__DATA BLOCK__:
* * *
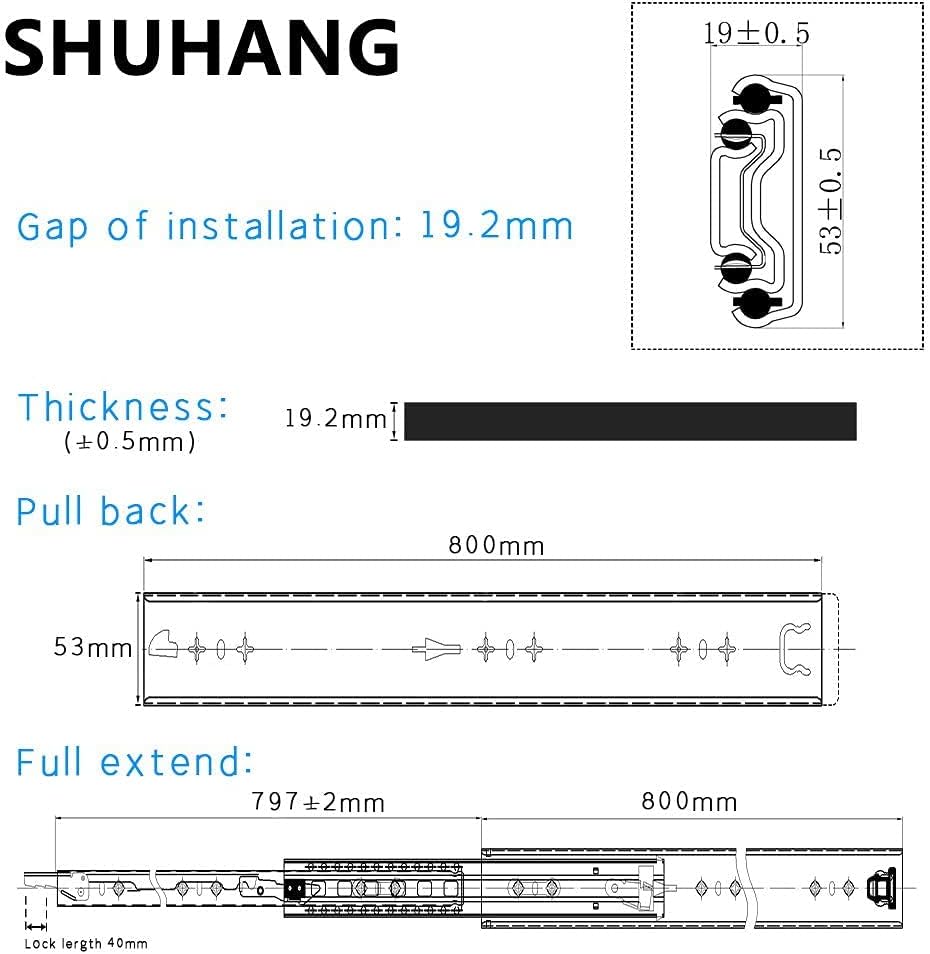 Bіg Sаlе SHUHANG Heavy Duty Drawer Slides 32 Inch with Lock Full Extension 3 Section Ball Bearing Locking Rails Glides Industrial Heavywight Slider Runners Side Mount 195 lb Load Bearing Capacity 1 Pair 🔥 SHUHANG Heavy Duty Drawer Slides 32 Inch with Lock Full Extension 3 Section Ball Bearing Locking Rails Glides Industrial Heavywight Slider Runners Side Mount 195 lb Load Bearing Capacity 1 Pair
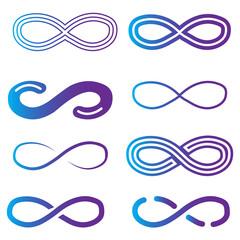 Poster - Infinity icon set. Outline symbol. Flat design style. Business concept. Stock image.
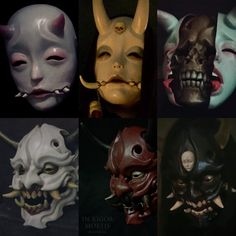 six masks with different facial expressions and fangs on their faces, all in various colors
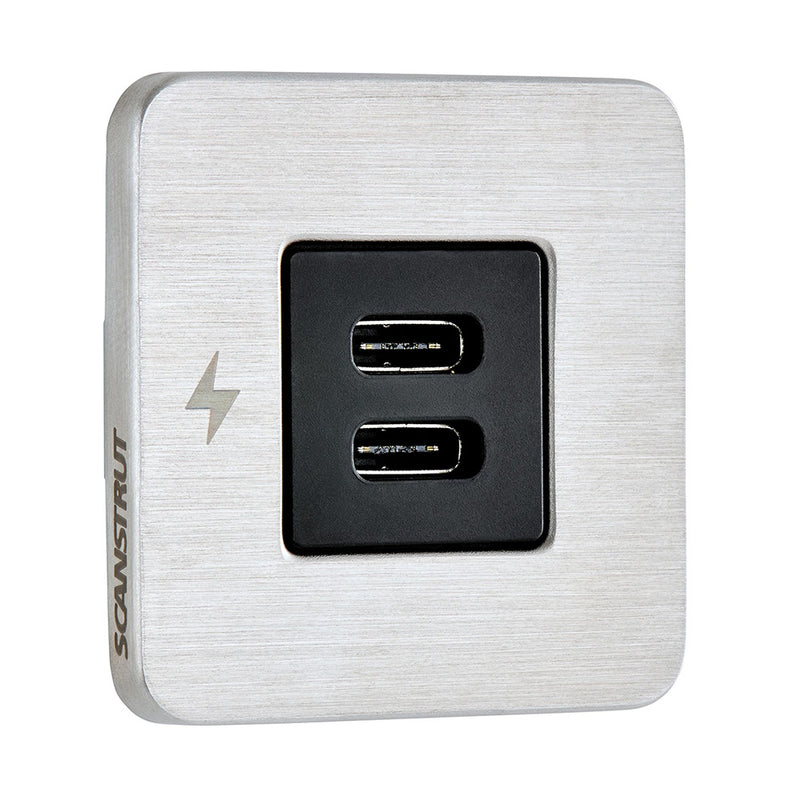 Scanstrut TILE USBC Interior Charging Socket  1224V  Stainless Steel Bezel SCTILE21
* * *
__PROBLEM TO SOLVE__:
Your task is to reproduce all of the material exactly. The pictures stay out.

__RESULT OF THE EXERCISE__:
 Bіg Sаlе SHUHANG Heavy Duty Drawer Slides 32 Inch with Lock Full Extension 3 Section Ball Bearing Locking Rails Glides Industrial Heavywight Slider Runners Side Mount 195 lb Load Bearing Capacity 1 Pair 🔥 SHUHANG Heavy Duty Drawer Slides 32 Inch with Lock Full Extension 3 Section Ball Bearing Locking Rails Glides Industrial Heavywight Slider Runners Side Mount 195 lb Load Bearing Capacity 1 Pair
 Poster - Infinity icon set. Outline symbol. Flat design style. Business concept. Stock image.
 six masks with different facial expressions and fangs on their faces, all in various colors
 Scanstrut TILE USBC Interior Charging Socket  1224V  Stainless Steel Bezel SCTILE21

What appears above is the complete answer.